Page 1 of 1

charset problem

Posted: Sun Feb 25, 2007 11:35 pm
by itsmani1
I am having charset problem.

I am working on a crawler when i crawling 3 pages two of them are utf-8 and one is iso-8859-1
the page where i show the data if if use "utf-8" the data coming from other pages which are iso-8859-1 get disturbed and if i use iso-8859-1 data from the page utf-8 gets disturbed.

any suggestion.

thank you,

Posted: Mon Feb 26, 2007 12:21 am
by volka

Posted: Mon Feb 26, 2007 12:39 am
by itsmani1
ok, thanks hope this will do the trick.

Posted: Wed Feb 28, 2007 12:34 am
by itsmani1
i tried utf8_encode() to encode ISO strings to utf-8 and tried to show print them but no luck.

I also tried to use both these lines but its not working:

<meta http-equiv="Content-Type" content="text/html; charset=iso-8859-1">
<META http-equiv="Content-Type" content="text/html; charset=utf-8">


i tried:

Code: Select all

utf8_encode ("Pe&#351;in al&#305;&#351;veri&#351;lerinize <font color=\"ff0000\">%10 indirim</font> uygulanmaktad&#305;r.");
its gives me following output:
Pesin alisverislerinize %10 indirim uygulanmaktadir.

just wanted to know if there is any way so that i can make same as its in string for utf-8

Posted: Wed Feb 28, 2007 5:13 am
by volka
&#351; is already an numerical unicode entity.

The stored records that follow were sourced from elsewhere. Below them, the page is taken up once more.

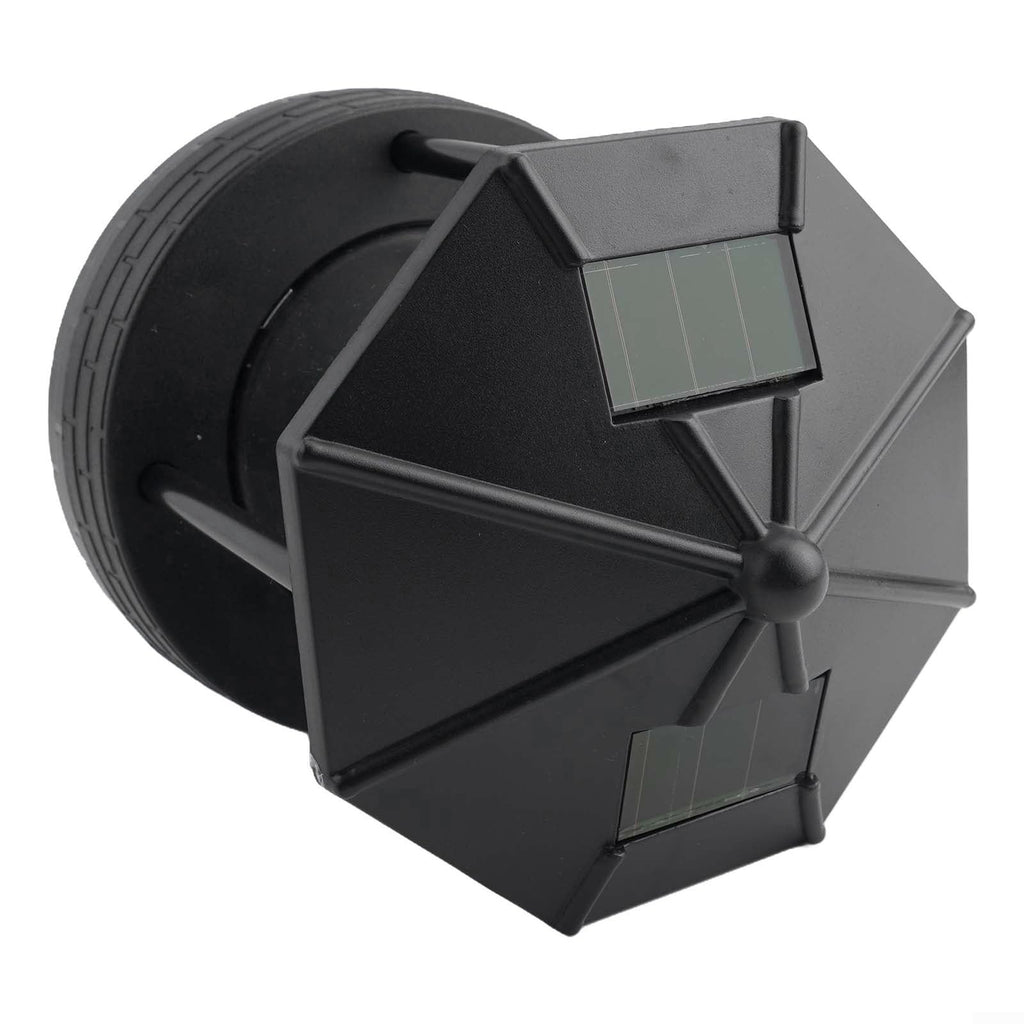 Black Solar Lighthouse Lawn Light A268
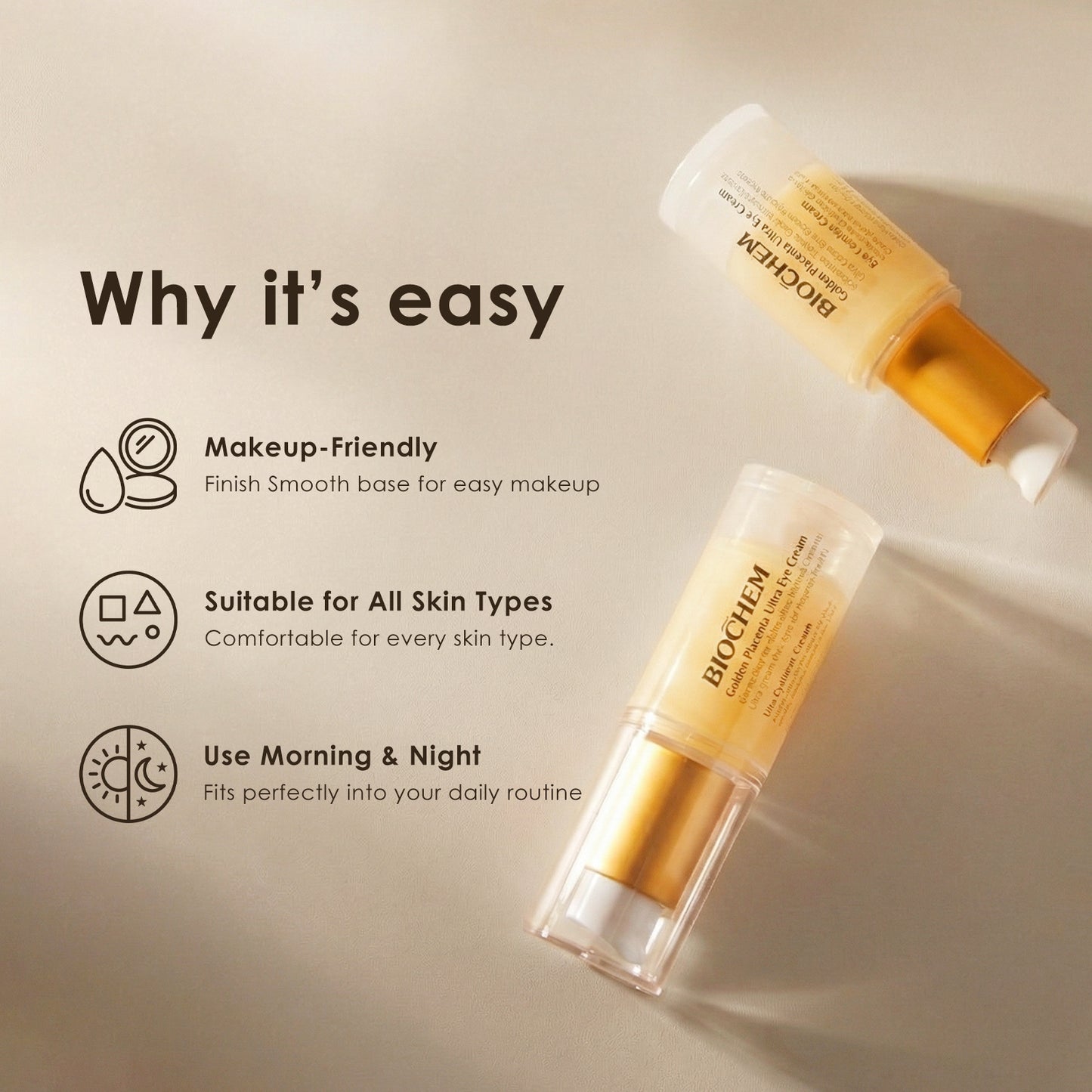 Golden Placenta Ultra Eye Cream - Anti-aging Eye Contour Cream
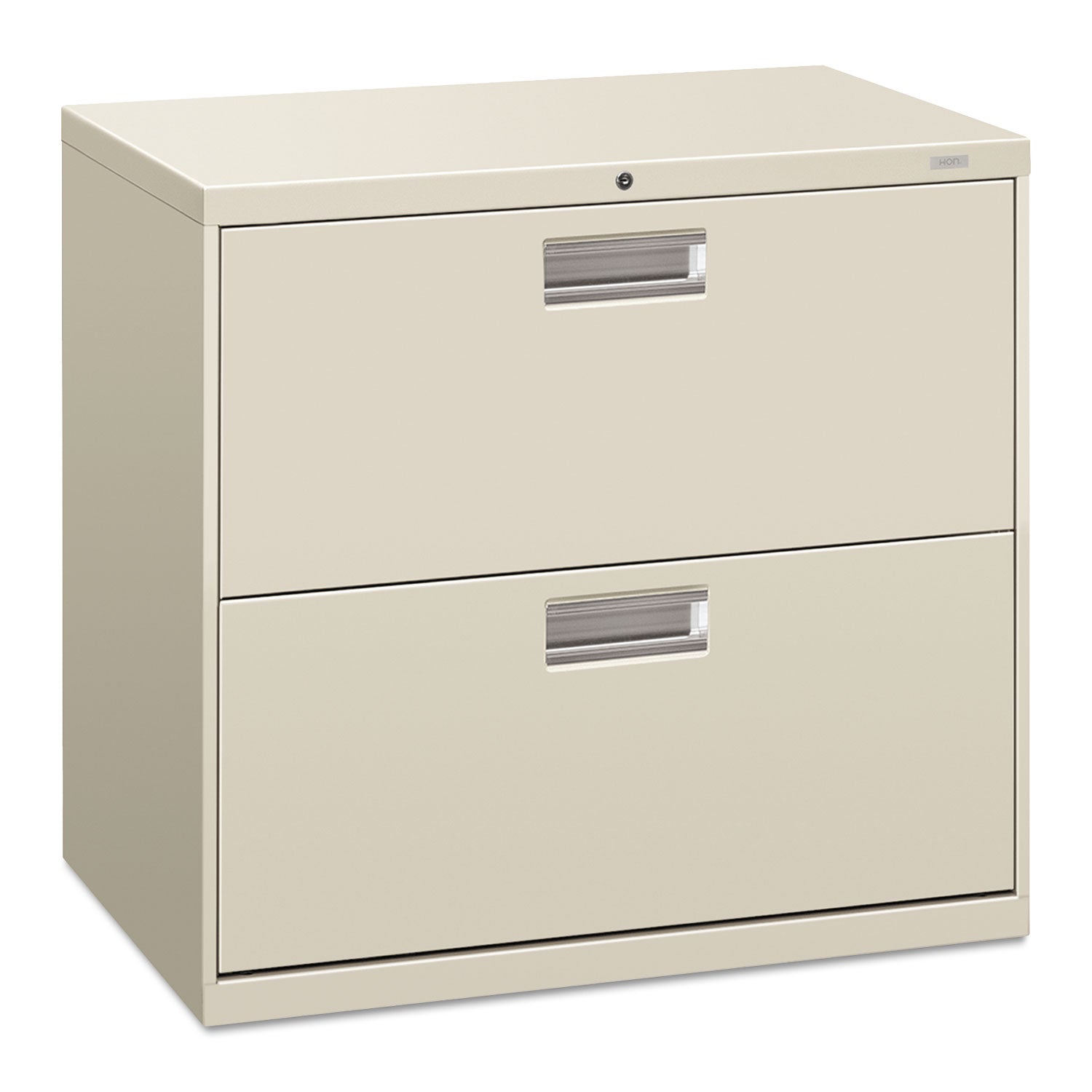Brigade 600 Series Lateral File, 2 Legal/Letter-Size File Drawers, Light Gray, 30" x 18" x 28 - 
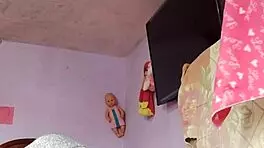 Rich cumshot explodes solo in step mother-in-law’s private room. What a sneaky thrill with her panties nearby.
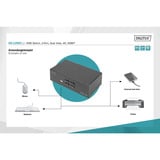 Digitus Commutateur KVM HDMI 4x 1, Switch KVM Noir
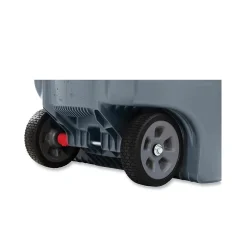 Resin Indoor/Outdoor Trash Can, 32 Gallon, Gray (RCP2179403)<Rubbermaid Outlet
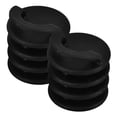 thumbnail image 1 of GAXIRE 2 Pcs Bouchons Ronds en Polyuréthane Noir pour Kayak Bateau Canot Drain, 1 of 7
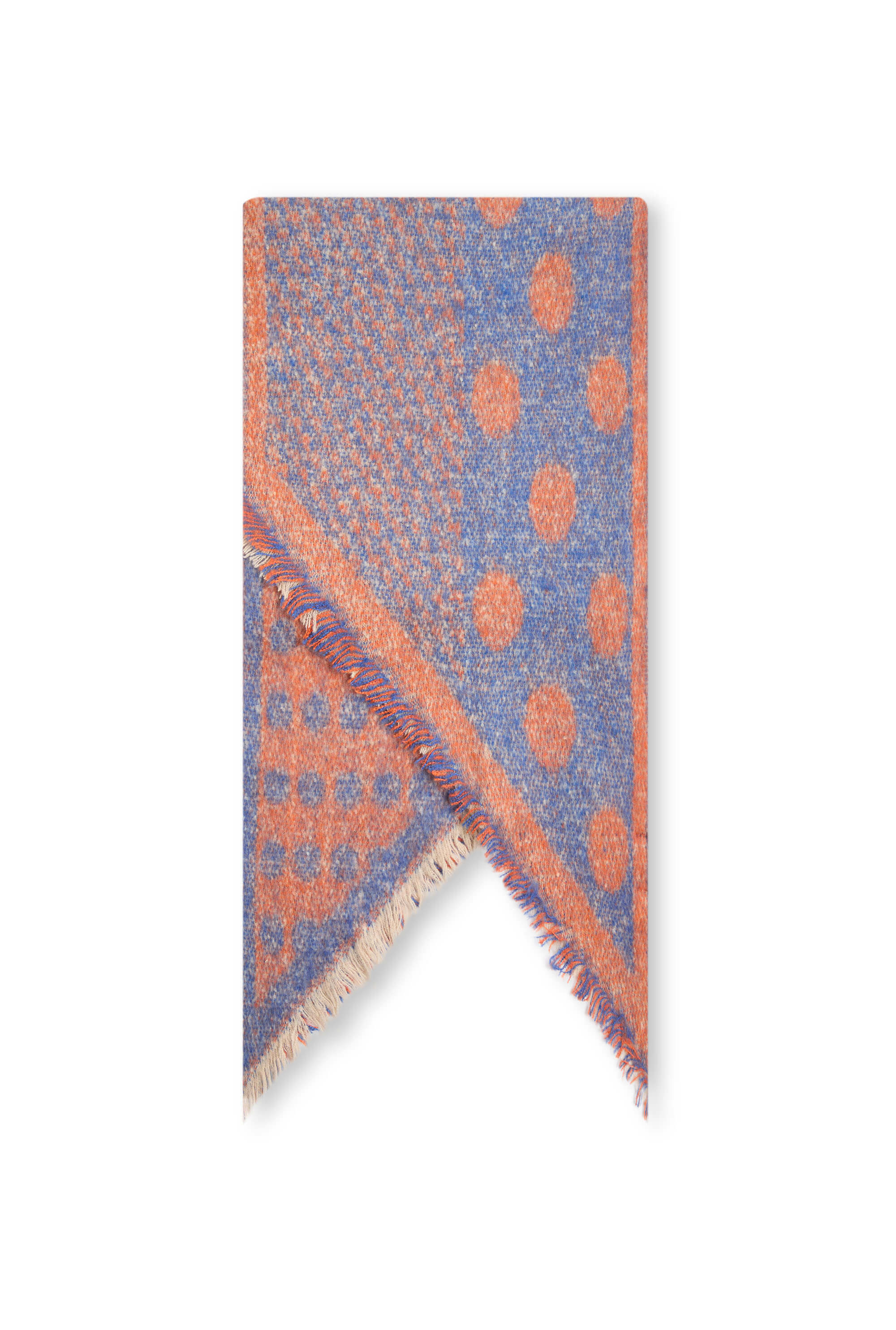 James Lakeland Women's Yellow / Orange Polka Dot Orange Scarf In Yellow/orange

All non-ascii characters of your string have been encoded this way. A html browser is aware of this and therefore there's no need for utf8_encode for this string..

Posted: Wed Feb 28, 2007 6:07 am
by itsmani1
My problem is that i am fetching data from three pages.
one is using: UTF-8 and others are using ISO-8859-9

when i use utf-8 one gets fine and others don't work and vice versa.
I wanted all the work fine on one page.


i tired to use utf8_encode() and its output is not what is required.

Posted: Wed Feb 28, 2007 6:21 am
by volka
If you set the charset of your page to utf-8 and you fetch contents from an iso-8859-1 encoded page you need utf8_encode, only then.
If you set the charset of your page to iso-8859-1 and you fetch contents from an utf-8 encoded page you need utf8_decode, only then.